Defendant Stroud contends that the trial court committed reversible error by refusing to accept the guilty plea and sentence him accordingly. Defendant's contentions in this regard raise no issue on which we can grant relief. The defendant has no absolute right to have a guilty plea accepted and a trial court may reject a plea in the exercise of its sound discretion. Meadows v. State, (1981) Ind., 428 N.E.2d 1232, 1235.IV
Finally, the defendants assert that the evidence before the jury was insufficient to support their convictions. In reviewing the sufficiency of the evidence, this Court will not weigh the evidence or determine the credibility of witnesses. Rather, we will consider only that evidence which is most favorable to the State, together with all logical and reasonable inferences to be drawn therefrom. The verdict will be upheld so long as there is sufficient evidence of probative value from which the jury could find the defendant guilty beyond a reasonable doubt. Showecker v. State, (1982) Ind., 432 N.E.2d 1340, 1342; Willard v. State, (1980) Ind., 400 N.E.2d 151, 160.

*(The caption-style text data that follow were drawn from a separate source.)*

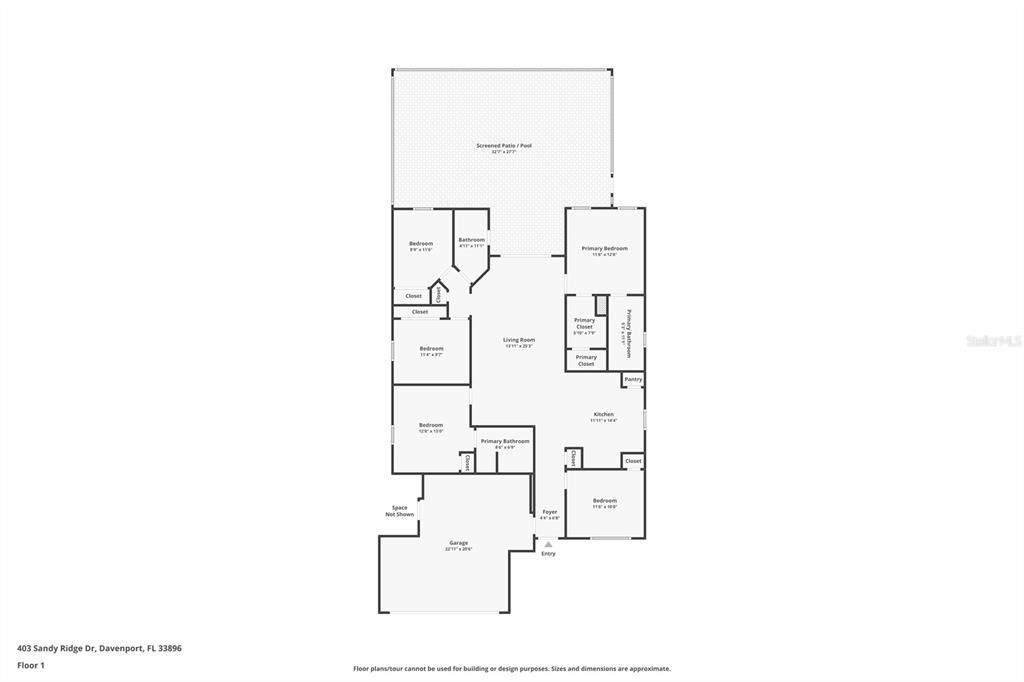 For Sale: $367,500 (5 beds, 3 baths, 1673 Square Feet)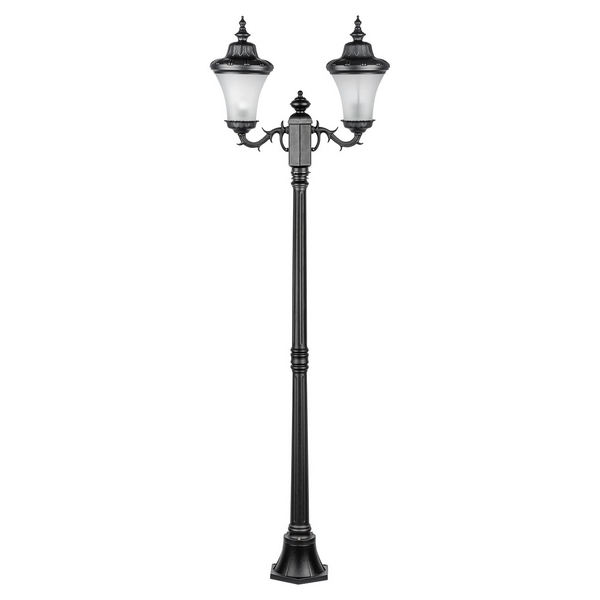 

Наземный фонарь IP44 Oasis Light ELBA 86408A/15 Bl, Черный, Elba 86408A/15 Bl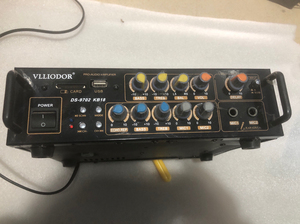 威多尔ds-9702功放,功能正常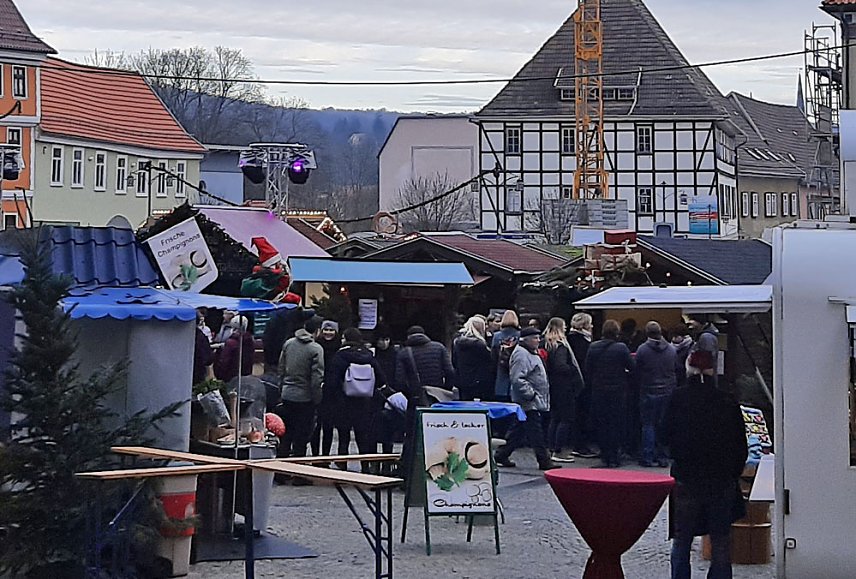 Bild: Ver&auml;nderte Verkehrsf&uuml;hrung in Sondershausen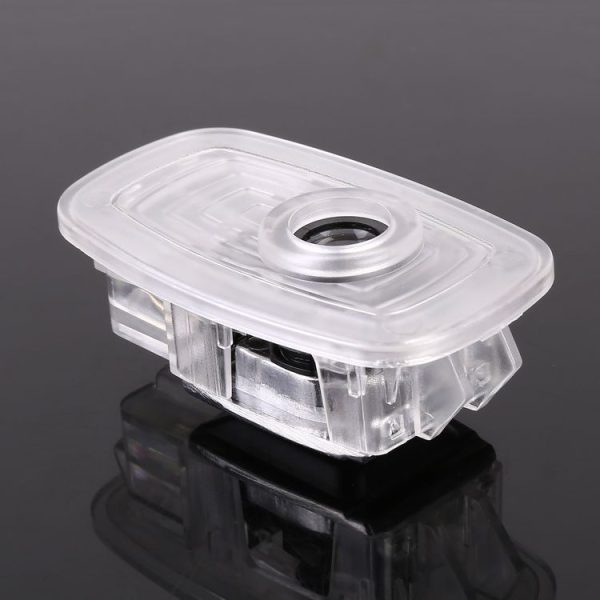 2 PCS Car 3D Door Logo Light Brand Shadow Lights Courtesy Lamp for Mercedes-Benz CLA C118 W118 2019-2020 - Image 2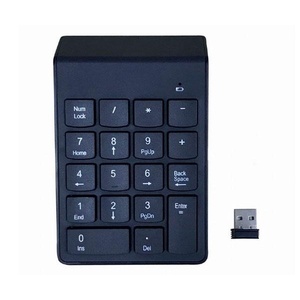 Clavier numérique - Clavier sans fil à 18 touches avec connexion USB, design compact et ergonomique, idéal pour faciliter - Product Image 1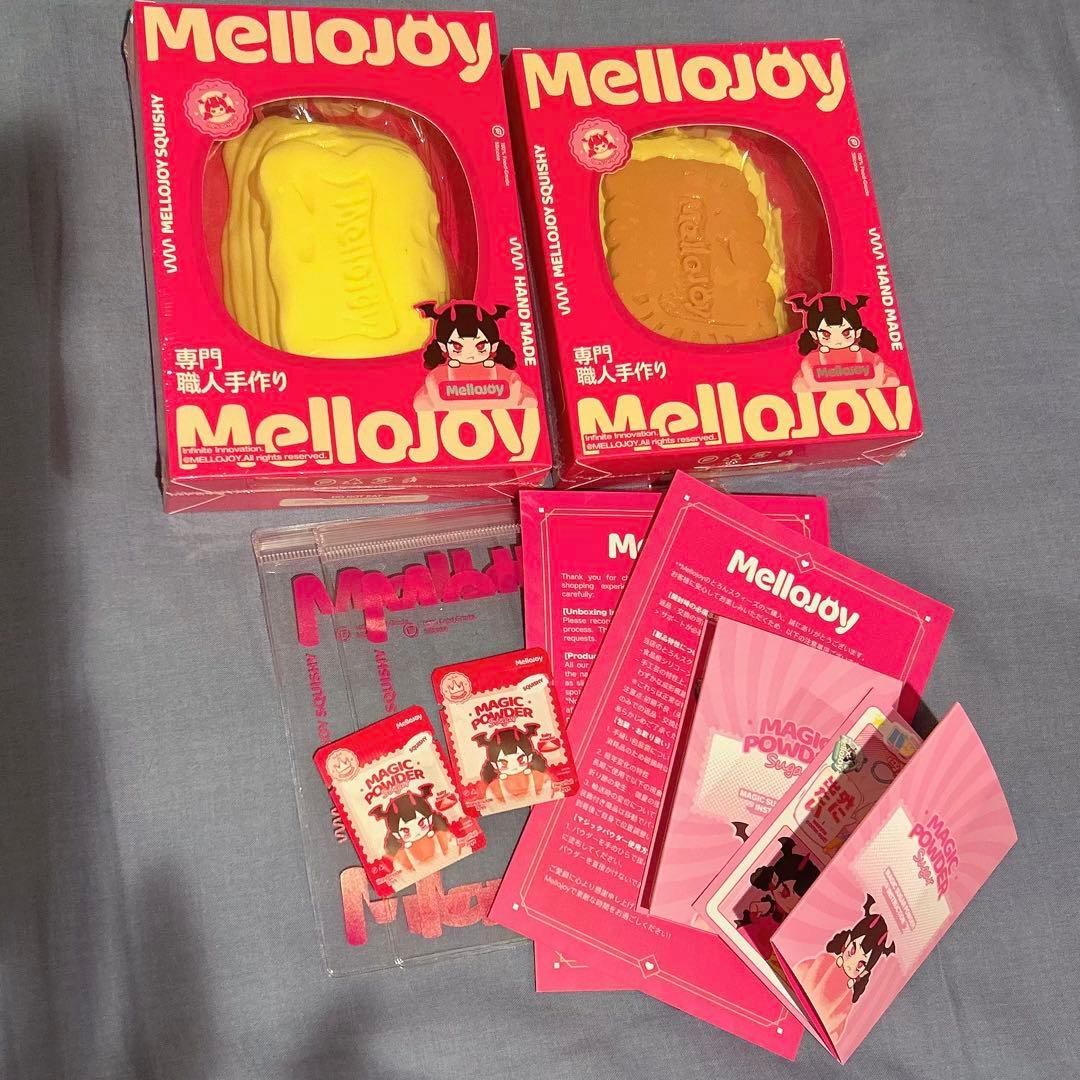 Mellojoyメロジョイキャラメルクリームクッキークリームチーズバターぱんぱん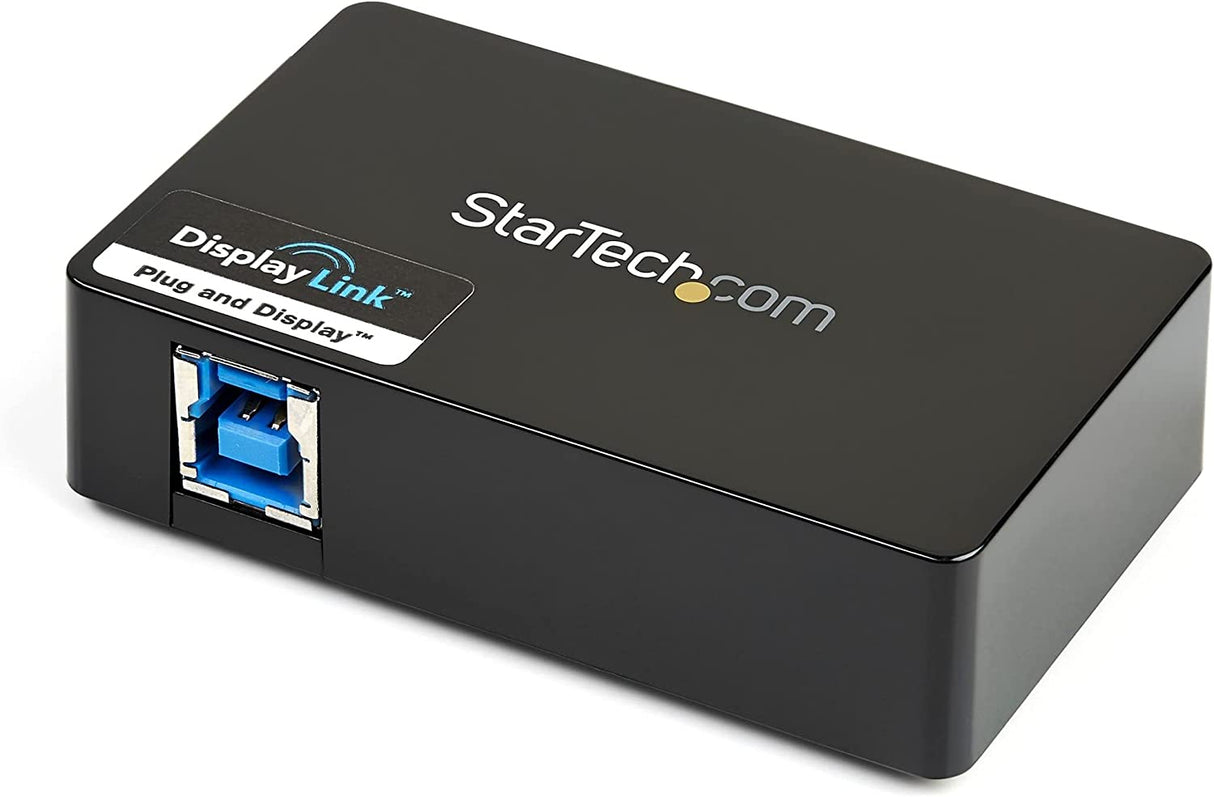 StarTech.com USB 3.0 to HDMI / DVI Adapter - 2048x1152 - External Video &amp; Graphics Card - Dual Monitor Display Adapter Cable - Supports Mac &amp; Windows (USB32HDDVII)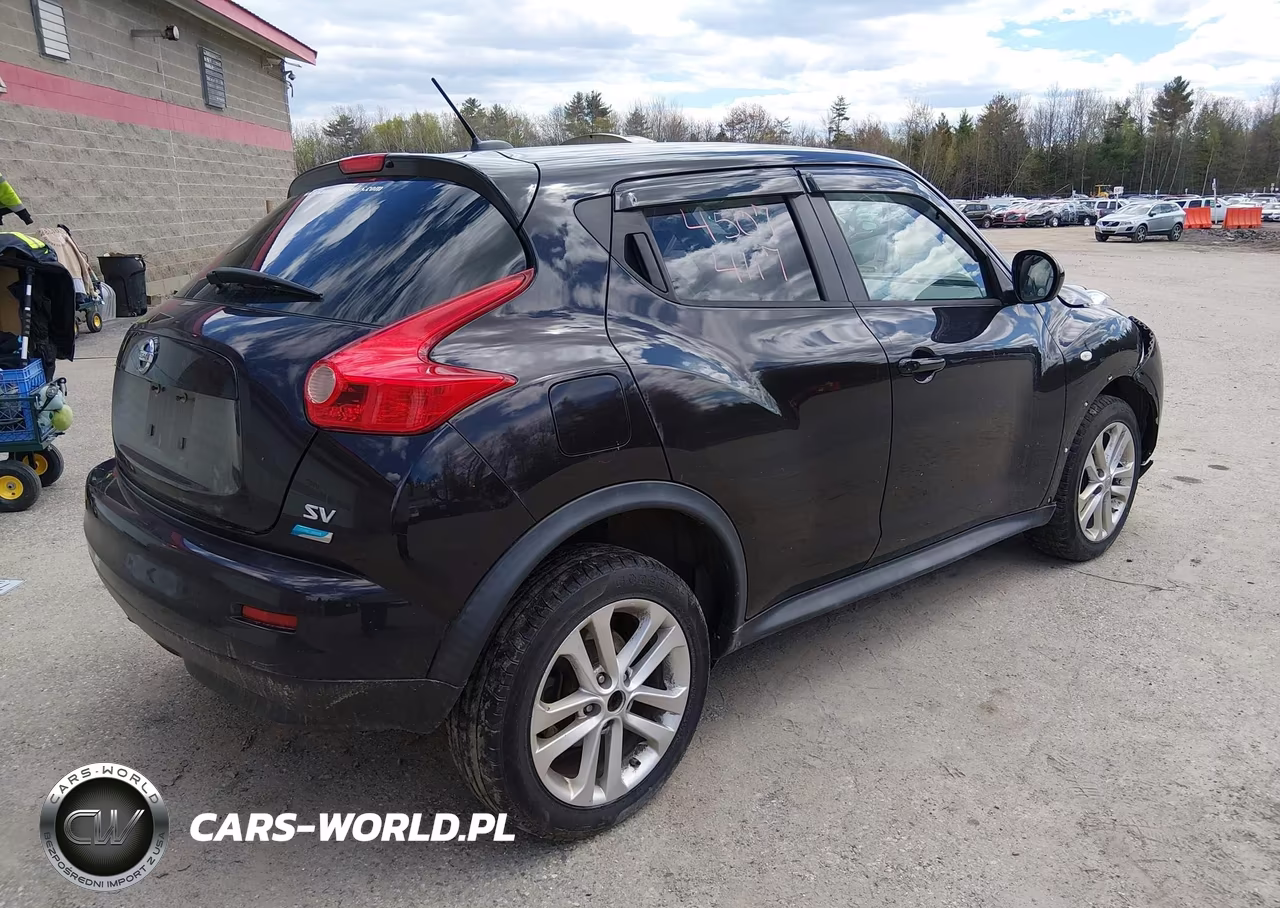 2014 Nissan Juke Sv VIN:JN8AF5MR3ET358230 - 4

Stroud contends that the testimony of Lee and another witness named Helton was not creditably sufficient to support his conviction and defendant Weddle claims that his participation was so remote that his conviction was not justified. Weddle claims that he was merely present at the scene of the crime and did not take part in it. Neither of their claims is supported by the evidence before the jury.
As for Stroud, we do not judge the credibility of the witnesses. That falls within the province of the trier of fact. Lee stated that Stroud ordered him to take money from the Motsingers. Dennis Motsinger testified that when Lee demanded the money, Lee pointed to Stroud and Weddle and said, "They said give them your money." When the Motsingers refused, *996 Stroud and Weddle pursued them and Mr. Motsinger was struck and injured. James Helton testified that he saw Stroud strike Motsinger with a club and Weddle hit Motsinger with his fist. Motsinger stated that Stroud hit him in the face with a club. There was sufficient evidence to convict Stroud of attempted robbery resulting in bodily injury.
From the evidence before the jury, Weddle cannot claim that his participation was so slight that it was insufficient to convict him of the crime. It is not necessary that the evidence show that the accomplice personally participated in the commission of each element. Harris v. State, (1981) Ind., 425 N.E.2d 154, 156; Metcalf v. State, (1978) 268 Ind. 579, 580, 376 N.E.2d 1157, 1158. The evidence above reveals that Weddle was identified by several of the witnesses as being one of the perpetrators of the attempted robbery. There was more than ample and sufficient evidence to justify the jury in finding both defendants guilty.
The trial court is in all things affirmed.
GIVAN, C.J., and DeBRULER, HUNTER and PRENTICE, JJ., concur.